W rozgrywanym w Słupsku międzypaństwowym meczu reprezentanci Polski pokonali Szwedów 10:6. To był ostatni sprawdzian przed Mistrzostwami Polski Seniorów.

-60kg: Adrian Kowal vs Biniam Tesfagabr PKT 3:0 [2-0]
Silniejszy fizycznie Polak od początku skracał dystans i krótkimi kombinacjami spychał przeciwnika. W pierwszej i drugiej rundzie Adrian trzykrotnie naruszył przeciwnika. Szwedzki sędzia liczył tylko raz na stojąco. Dwukrotnie, gdy jego rodak padał na matę, nie liczył, za to dawał mu sporo czasu na odpoczynek. Szwed dotrwał do końca, ale nie miał tak naprawdę nic do powiedzenia.
-64kg: Damian Durkacz vs Emil Harrysson PKT 3:0 [4-0]

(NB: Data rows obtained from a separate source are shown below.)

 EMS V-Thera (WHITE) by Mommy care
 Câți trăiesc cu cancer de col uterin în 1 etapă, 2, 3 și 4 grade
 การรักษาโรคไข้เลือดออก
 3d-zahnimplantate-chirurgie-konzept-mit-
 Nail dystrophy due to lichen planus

Ciekawa potyczka w półdystansie. 19-letni Polak, finalista Turnieju Stamma, trafił często prawym sierpem, choć w drugim starciu dał się kilka razy zaskoczyć dosyć sygnalizowanymi akcjami przeciwnika.

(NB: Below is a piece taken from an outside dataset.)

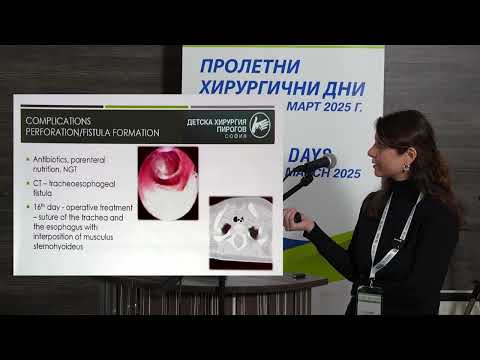 Видео: 47. Усложнения при поглъщане на плоски батерии в детска възраст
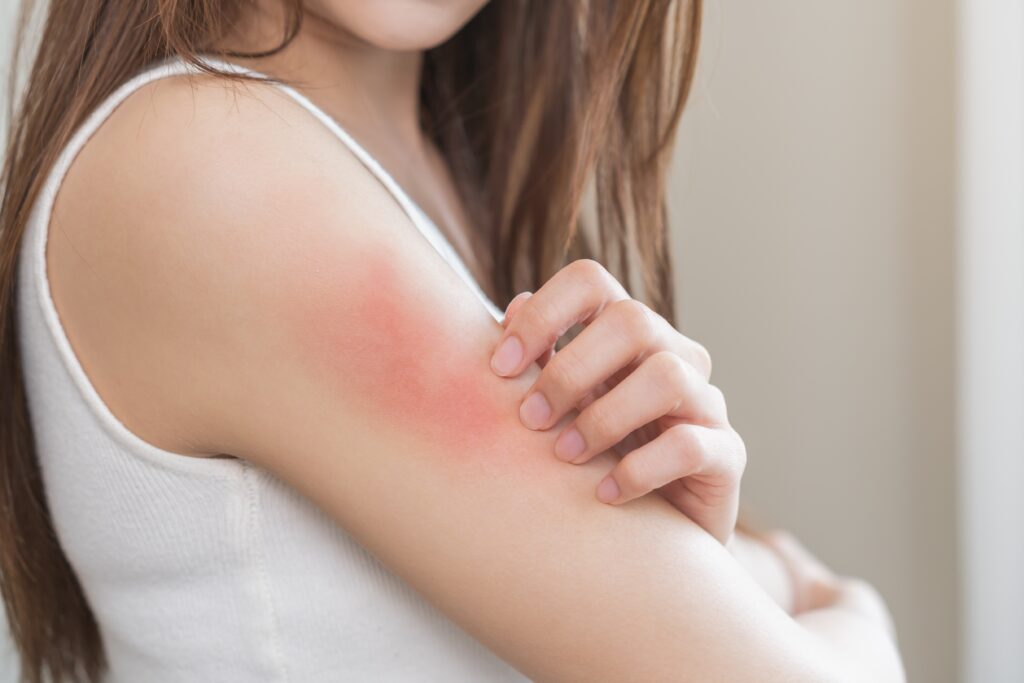 【甲型鏈球菌】食人菌死亡率高達 3 成？成因、症狀、治療及預防方法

-69kg: Eryk Apresyan vs Adolphe Sylva PKT 0:3 [4-2]
Zdecydowanie najlepszy pojedynek w tym meczu. Eryk zdobywał dla nas medale najważniejszych imprez w młodszych grupach wiekowych. Teraz powoli będzie wchodził w boks seniorski. Naprzeciw niego stanął jedyny w tej stawce mistrz Szwecji i widać było jego klasę. Eryk od początku ruszył pressingiem, bijąc krótkimi sierpami i hakami, natomiast wysoki rywal świetnie chodził na nogach i wciągał go na kontrę bezpośrednim lewym. Pierwsza runda dla czarnoskórego Szweda. Druga dla Polaka, który zmienił pozycję na mańkuta, czym zaskoczył oponenta. Trzecia wyrównana, ciekawa, ale ładniejszy, bardziej techniczny boks pokazał Sylva i zasłużenie wygrał, choć Erykowi niewiele zabrakło. Dobra reklama naszej dyscypliny.

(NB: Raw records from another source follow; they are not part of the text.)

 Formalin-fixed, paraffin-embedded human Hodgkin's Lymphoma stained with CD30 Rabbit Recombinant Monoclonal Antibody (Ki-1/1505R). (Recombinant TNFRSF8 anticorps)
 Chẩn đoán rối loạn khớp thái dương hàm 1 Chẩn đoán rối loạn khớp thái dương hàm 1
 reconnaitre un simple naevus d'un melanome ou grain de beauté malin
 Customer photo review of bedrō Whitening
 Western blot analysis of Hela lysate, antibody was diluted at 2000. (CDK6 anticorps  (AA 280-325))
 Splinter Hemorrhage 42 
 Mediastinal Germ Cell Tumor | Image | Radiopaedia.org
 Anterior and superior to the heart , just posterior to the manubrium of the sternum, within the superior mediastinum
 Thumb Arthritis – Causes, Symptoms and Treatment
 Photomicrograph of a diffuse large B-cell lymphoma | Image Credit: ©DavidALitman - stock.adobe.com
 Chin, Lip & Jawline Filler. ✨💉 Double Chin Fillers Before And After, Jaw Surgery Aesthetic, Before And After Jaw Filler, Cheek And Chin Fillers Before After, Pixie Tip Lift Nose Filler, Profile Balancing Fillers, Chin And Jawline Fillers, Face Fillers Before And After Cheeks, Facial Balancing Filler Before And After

-69kg: Natan Konszewicz vs Mohammed Al-Maliki PKT 1:2 [4-4]
Miejscowemu pięściarzowi ze Słupska nie można odmówić ambicji, ale dziś był gorszy. W drugiej rundzie Polak liczony po haku na korpus. W przerwie w narożniku wydawało się, że Natan się podda, lecz wykazał się wielkim serduchem i nawet fajnie finiszował. Szkoda trochę, że na siłę ciągnął jeden z sędziów, ale na szczęście dwaj pozostali zachowali odpowiedni proporcje.
-75kg: Bartosz Gołębiewski vs Adam Chartoi PKT 1:2 [4-6]
Bartosz to silny fizycznie zawodnik. Bije bardzo mocno, ale niestety boksuje w bardzo prosty sposób. I jeśli znajdzie się ktoś, kto potrafi trochę więcej, to jest w stanie wyboksować mistrza Polski w wadze średniej. I tak było też dzisiaj. Pierwsza i trzecia runda dla Szweda. W drugiej Gołębiewski zranił przeciwnika swoim sierpem, ale już po raz drugi swojemu rodakowi pomagał szwedzki sędzia ringowy. Fatalny facet. Ale obiektywnie - Chartoi był dziś po prostu lepszy.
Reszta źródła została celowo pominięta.